EXERCISE GOAL: Apart from the images, repeat the data below exactly as written.

INPUT RECORDS:

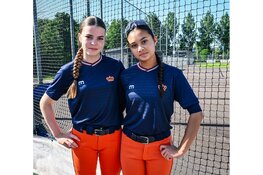 Twee Alkmaarse softbalspeelsters geselecteerd voor EK met TeamNL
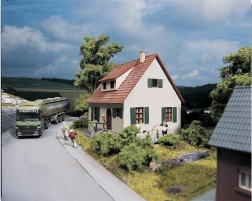 piko hobby rodinný dům se sedlovou střechou H0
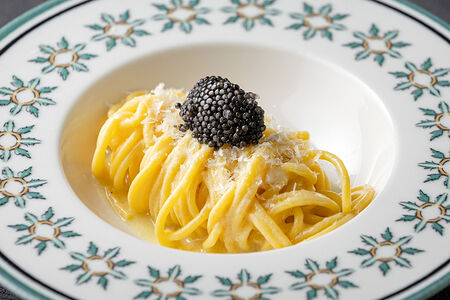 Спагетти с черной икрой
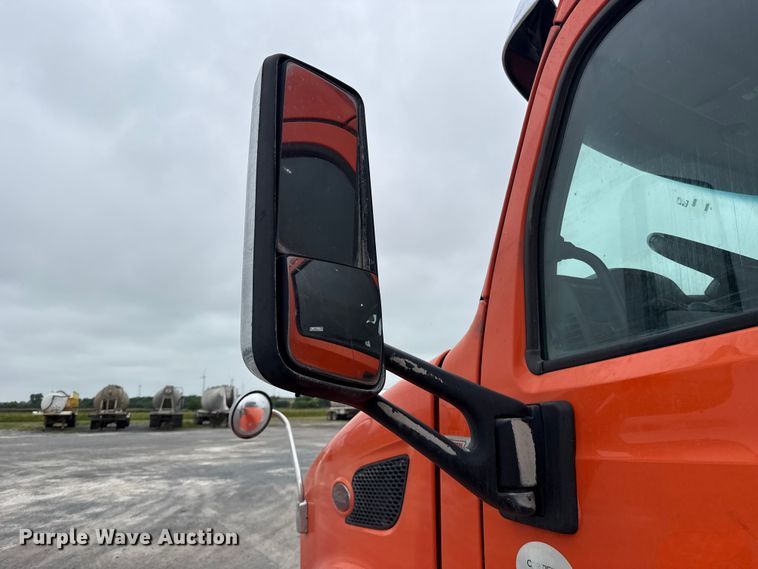 image for item ET6346 2016 Peterbilt 579 semi truck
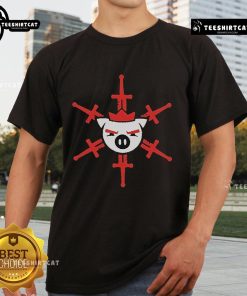 Alt Text: Official Technoblade Holiday Swordflake T-Shirt featuring a festive design and vibrant colors for fans and gamers.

EXERCISE RESPONSE:
 Twee Alkmaarse softbalspeelsters geselecteerd voor EK met TeamNL
 piko hobby rodinný dům se sedlovou střechou H0
 Спагетти с черной икрой
 image for item ET6346 2016 Peterbilt 579 semi truck
 Alt Text: Official Technoblade Holiday Swordflake T-Shirt featuring a festive design and vibrant colors for fans and gamers.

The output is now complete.